Fired my pool guy two years in after he let it go green while we were on vacation one summer (*twice*). TFP method has kept my water sparkly. He used tons of trichlor tabs and my CYA was through the roof (near 180). One year and a 50% drain and refill later, my CYA is now very low (around 20-30, can't quite get the dot to disappear with the Taylor kit).

On to my problem:
I feel like I use way too much chlorine/bleach compared to the stories here in the forum. My pool needs at least a gallon of 10% every other day during the summer heat to keep it between 4 and 8. Sometimes every day. I've been using a Taylor K-2006 kit to track my chemistry. My TA has always been off the charts, and correspondingly pH (pegged at max). This summer I decided to get serious and see if I could move the needle.

20 gallons of Home Depot muriatic and 10 weeks of aeration have brought by TA down from the high 300s to 130. Two gallons of muriatic at a time will lower the pH to 7.2/7.3, but it's right back to 8.0+ after a day of aeration.
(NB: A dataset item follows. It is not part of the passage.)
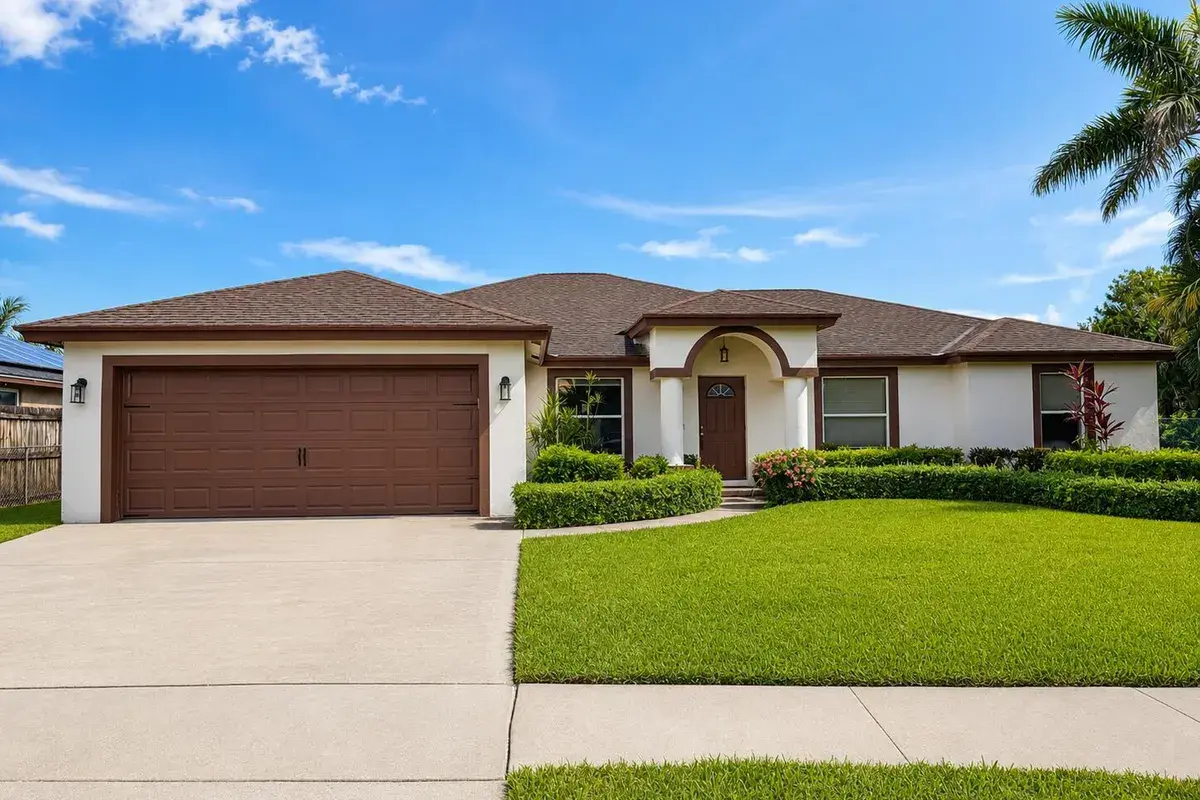 111 Meadow Woode Drive, Royal Palm Beach FL 33411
I only have semi-hard water from the city's municipal supply to fill. I'm also wondering if last summers' 3-4 shock exercises with cal-hypo left too much calcium, but not sure what that does to my chemistry.

Questions:
Should I keep going lower with my TA? will it help with pH?
Is my CYA too low for my environment?
Can high calcium be caused by multiple cal-hypo shocks over time?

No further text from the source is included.